═══ DATA FOR THIS EXERCISE ═══
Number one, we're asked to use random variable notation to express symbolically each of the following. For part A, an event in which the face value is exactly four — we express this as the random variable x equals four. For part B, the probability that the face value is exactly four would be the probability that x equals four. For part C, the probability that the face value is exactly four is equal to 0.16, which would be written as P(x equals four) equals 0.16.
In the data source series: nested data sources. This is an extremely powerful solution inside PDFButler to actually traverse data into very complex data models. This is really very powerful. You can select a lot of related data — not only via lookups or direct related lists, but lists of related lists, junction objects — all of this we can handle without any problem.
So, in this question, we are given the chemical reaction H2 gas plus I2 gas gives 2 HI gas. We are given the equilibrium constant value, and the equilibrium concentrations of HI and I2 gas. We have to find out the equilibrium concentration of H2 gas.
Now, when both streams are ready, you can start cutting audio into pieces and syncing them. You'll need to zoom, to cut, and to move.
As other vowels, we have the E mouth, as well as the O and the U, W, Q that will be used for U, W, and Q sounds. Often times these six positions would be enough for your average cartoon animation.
═══
═══ DATA FOR THIS EXERCISE ═══
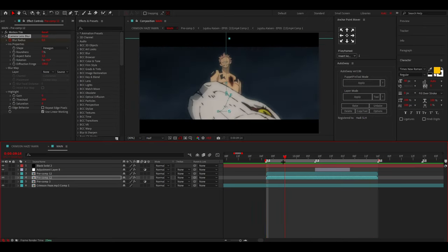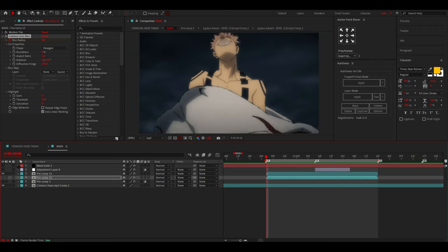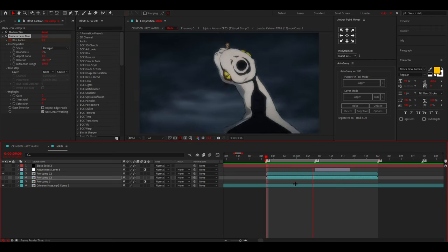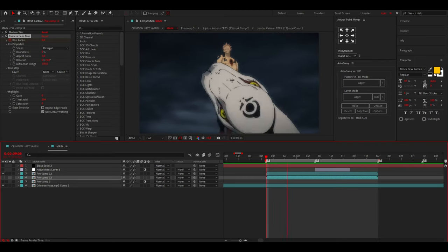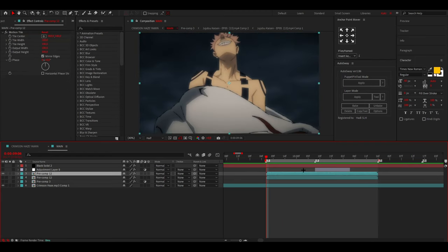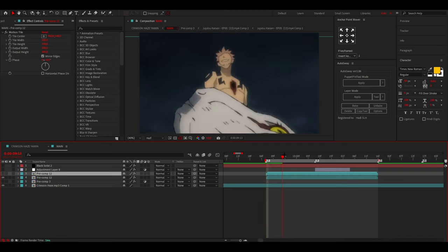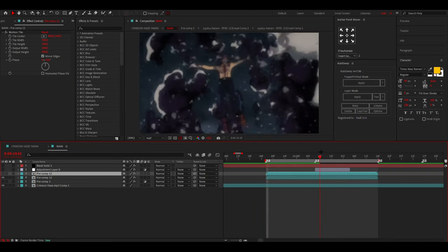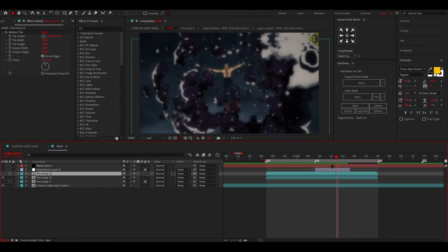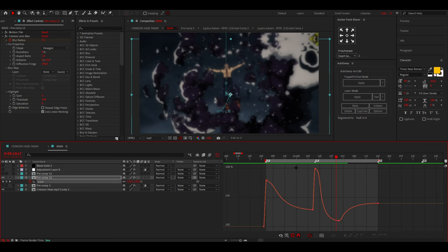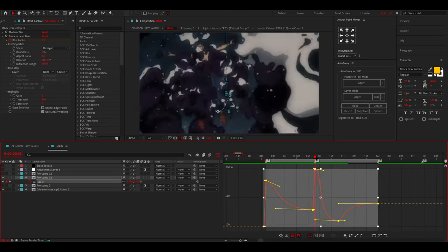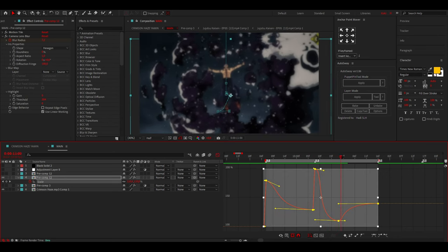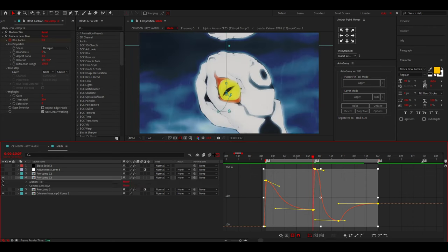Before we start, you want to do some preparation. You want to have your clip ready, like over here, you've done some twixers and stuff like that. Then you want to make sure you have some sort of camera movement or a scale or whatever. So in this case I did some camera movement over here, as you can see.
═══
Using only the entries above, output the line with "Number one, we're", the line with "Now, when both", and all lines between them, exactly as they stand.

◆ EXERCISE RESULT
Number one, we're asked to use random variable notation to express symbolically each of the following. For part A, an event in which the face value is exactly four — we express this as the random variable x equals four. For part B, the probability that the face value is exactly four would be the probability that x equals four. For part C, the probability that the face value is exactly four is equal to 0.16, which would be written as P(x equals four) equals 0.16.
In the data source series: nested data sources. This is an extremely powerful solution inside PDFButler to actually traverse data into very complex data models. This is really very powerful. You can select a lot of related data — not only via lookups or direct related lists, but lists of related lists, junction objects — all of this we can handle without any problem.
So, in this question, we are given the chemical reaction H2 gas plus I2 gas gives 2 HI gas. We are given the equilibrium constant value, and the equilibrium concentrations of HI and I2 gas. We have to find out the equilibrium concentration of H2 gas.
Now, when both streams are ready, you can start cutting audio into pieces and syncing them. You'll need to zoom, to cut, and to move.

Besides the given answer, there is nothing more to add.